Speaking of space, a new study explored how an uncommon, but inevitable phenomenon caused by the sun could knock large regions or even entire continents off the internet entirely for weeks or even months, and how we need to prepare for the worst now. 

In the background though was climate change, and specifically how climate change is impacting our world faster than expected and in some surprising ways. A new study found evidence that some animals are growing bigger body parts in response to rising temperatures far faster than scientists realized – but still not fast enough to adapt to a changing climate.

Then, there was the disturbing news that California's Dixie Fire is threatening the Allen Telescope Array and forcing an evacuation of its scientists and staff, disrupting the facility's important work in the search for extraterrestrial intelligence.

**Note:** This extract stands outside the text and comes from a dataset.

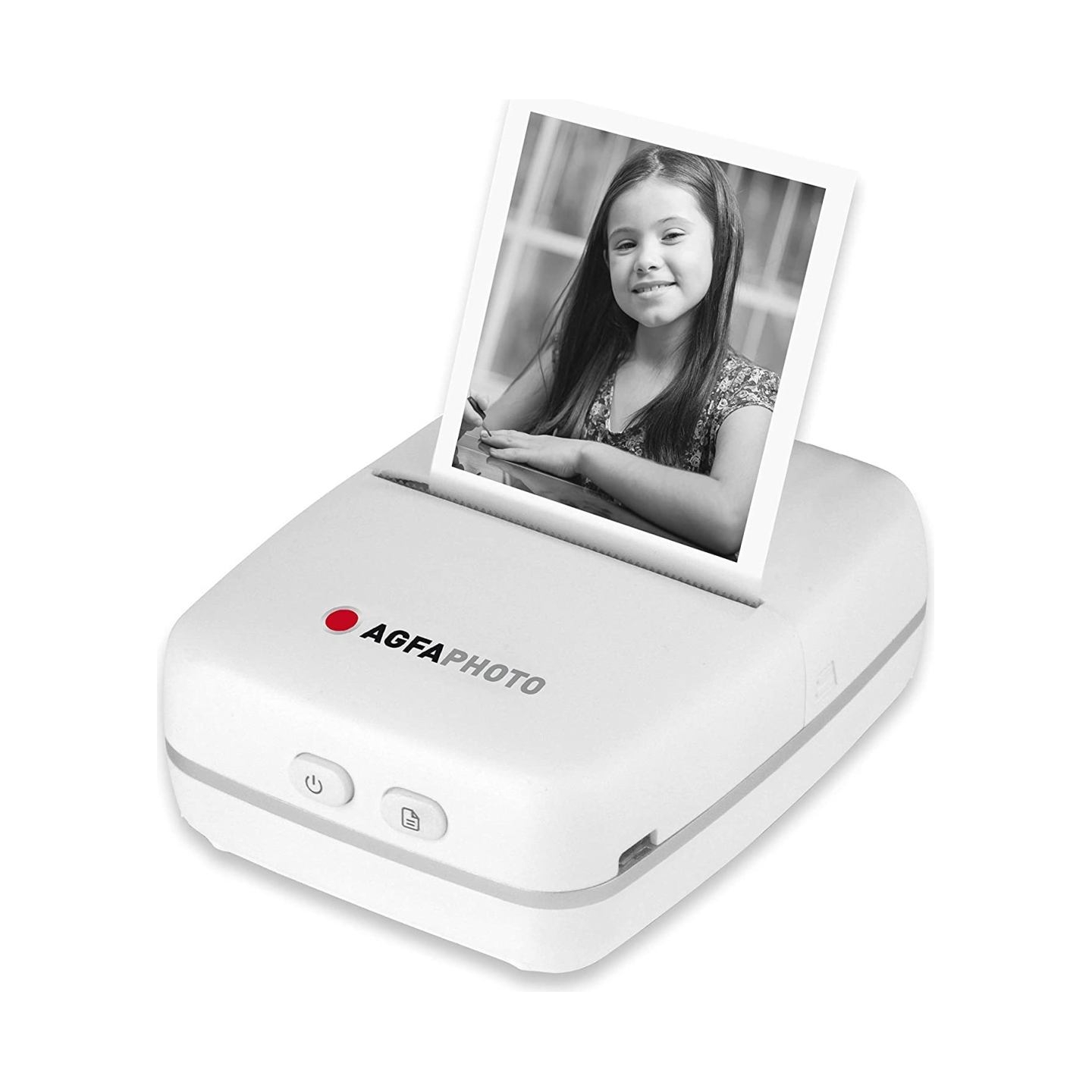 Agfaphoto Realpix Pocket Printer white APOCPWH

All in all, a pretty full week, so let's dig in.

A Coronal Mass Ejection From The Sun

A Cane Toad In Grass Looking Mean (Image credit: NASA's Goddard Space Flight Center)

The sun could knock the internet offline for months with a major solar storm

Scientists and engineers have been worrying about a major solar storm for a long while now, but a new study by an assistant professor at the University of California, Irvine, spells out some of the very specific risks to our internet infrastructure.

A solar storm – a fairly regular eruption of highly magnetized particles from the sun – isn't dangerous to humans (at least not directly), but it can wreak total havoc on electronics, knocking out entire power grids, and frying electronic devices in areas hit by these particles.

What Sangeetha Abdu Jyothi found in the paper she presented to the SIGCOMM 2021 conference last month was that undersea telecommunications cables, the kind we use to connect the world to a single common internet, are especially vulnerable to a severe solar storm, and should we get hit by one, it could knock entire continents like North America and Europe offline for months.

There are things we can do to mitigate the threat, though, but we have to act now because once we see a solar storm coming, it's far too late to do anything about it.

The James Webb Space Telescope In A Clean Room At A NASA Facility

(Image credit: NASA)

The James Webb Space Telescope finally gets a launch date this year

The much delayed James Webb Space Telescope is finally getting a launch date for later this year, bringing the next generation observatory that much closer to unlocking the mysteries of the early universe.

The telescope, now scheduled to launch from a European Space Agency spaceport in French Guiana on December 18, 2021.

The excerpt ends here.